[Short web captions]
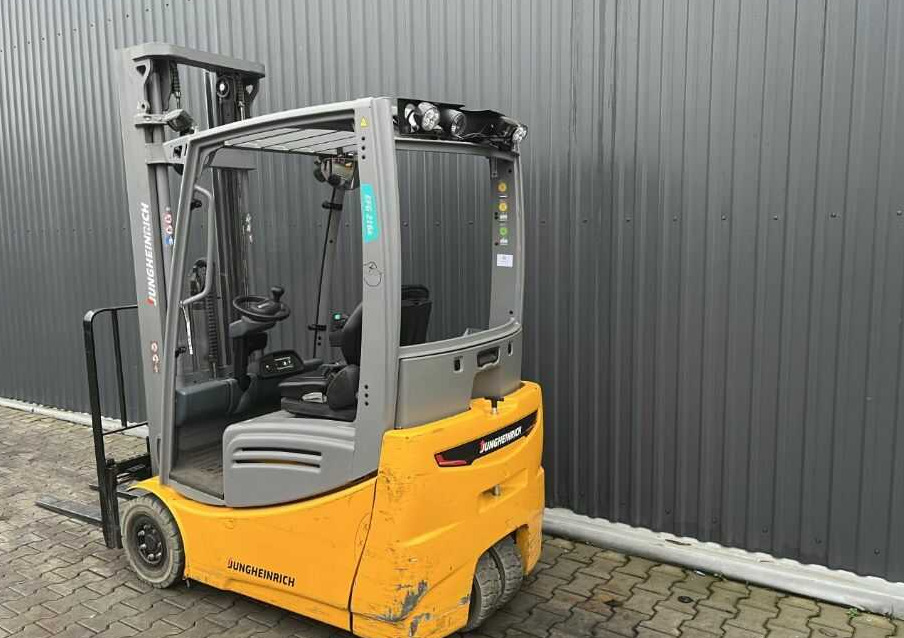 Jungheinrich EFG216k - Electric forklift: picture 3 Jungheinrich EFG216k - Electric forklift: picture 3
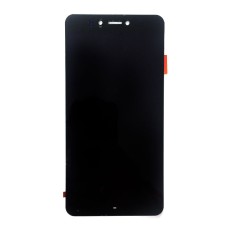 Дисплей Prestigio MultiPhone 3531 Muze E3, MultiPhone 3532 Muze F3, MultiPhone 7530 Muze A7, MultiPhone PSP 3530 Muze D3, (High quality), з сенсором, без рамки, IPS, Чорний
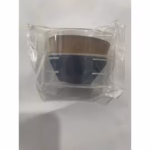 Pensula kabuki plata pentru fond de ten, Flippy, negru - imagine 7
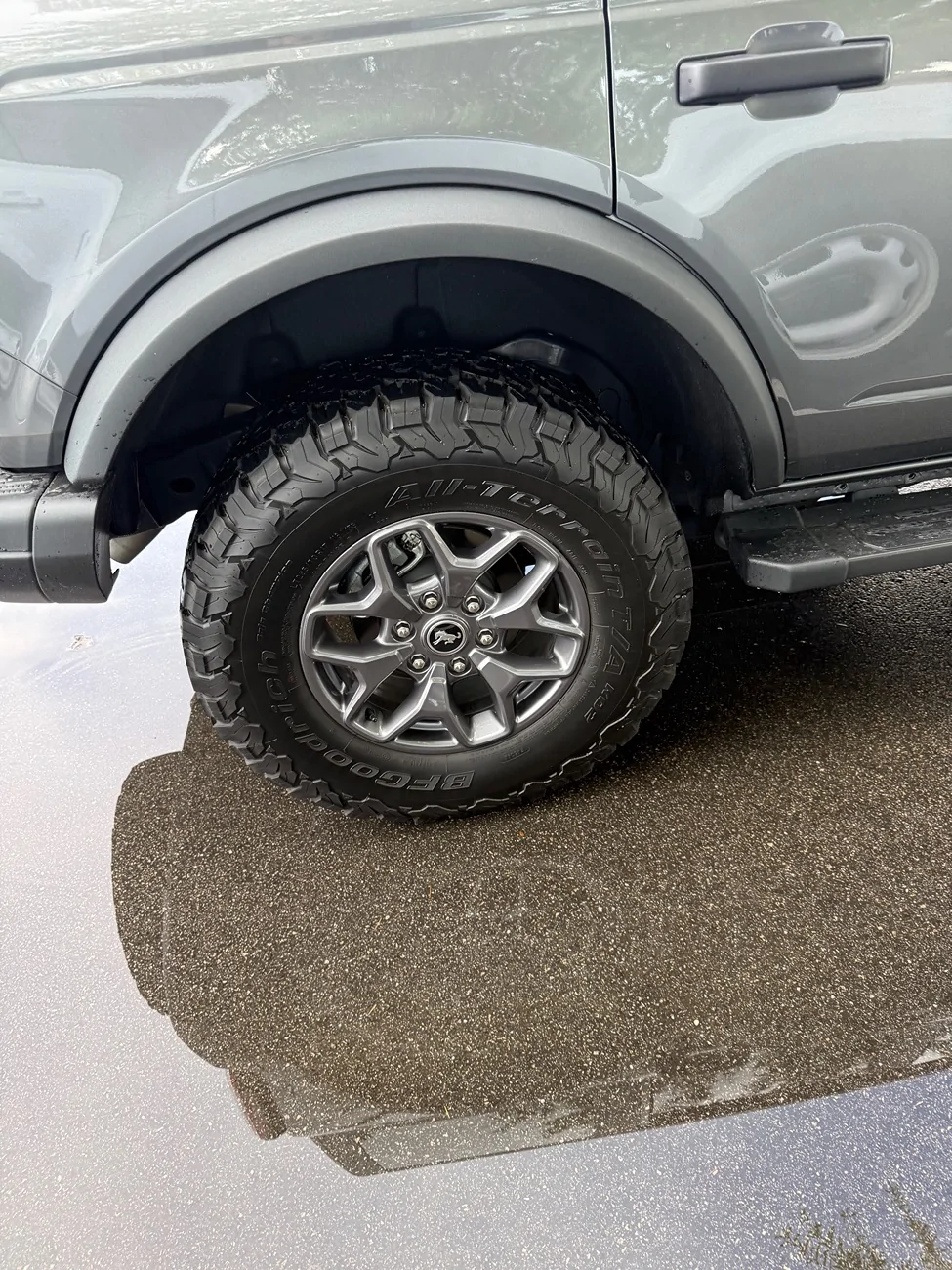 Ford Bronco Bronco Badlands Wheel Evolution (non-Sasquatch) IMG_2213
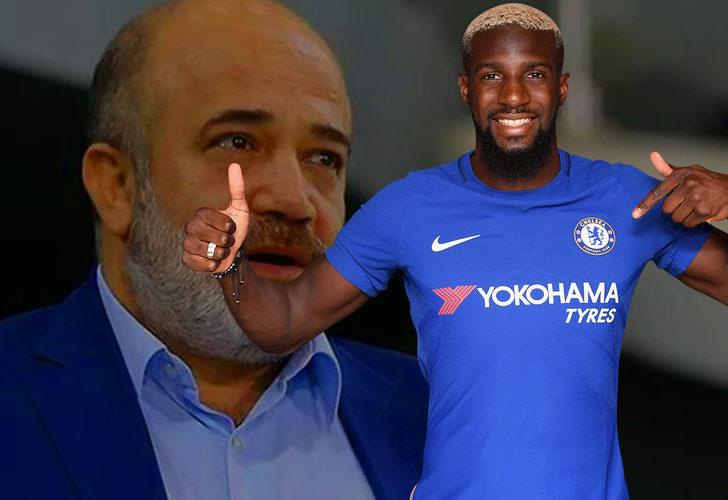 Adana Demirspor'un anlaşma sağladığı Tiemoue Bakayoko, kulüp binasına gelince transferden vazgeçti!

## Aim of the exercise
Leave the pictures out, and transcribe each of the records exactly.

## Result for this exercise
 Jungheinrich EFG216k - Electric forklift: picture 3 Jungheinrich EFG216k - Electric forklift: picture 3
 Дисплей Prestigio MultiPhone 3531 Muze E3, MultiPhone 3532 Muze F3, MultiPhone 7530 Muze A7, MultiPhone PSP 3530 Muze D3, (High quality), з сенсором, без рамки, IPS, Чорний
 Pensula kabuki plata pentru fond de ten, Flippy, negru - imagine 7
 Ford Bronco Bronco Badlands Wheel Evolution (non-Sasquatch) IMG_2213
 Adana Demirspor'un anlaşma sağladığı Tiemoue Bakayoko, kulüp binasına gelince transferden vazgeçti!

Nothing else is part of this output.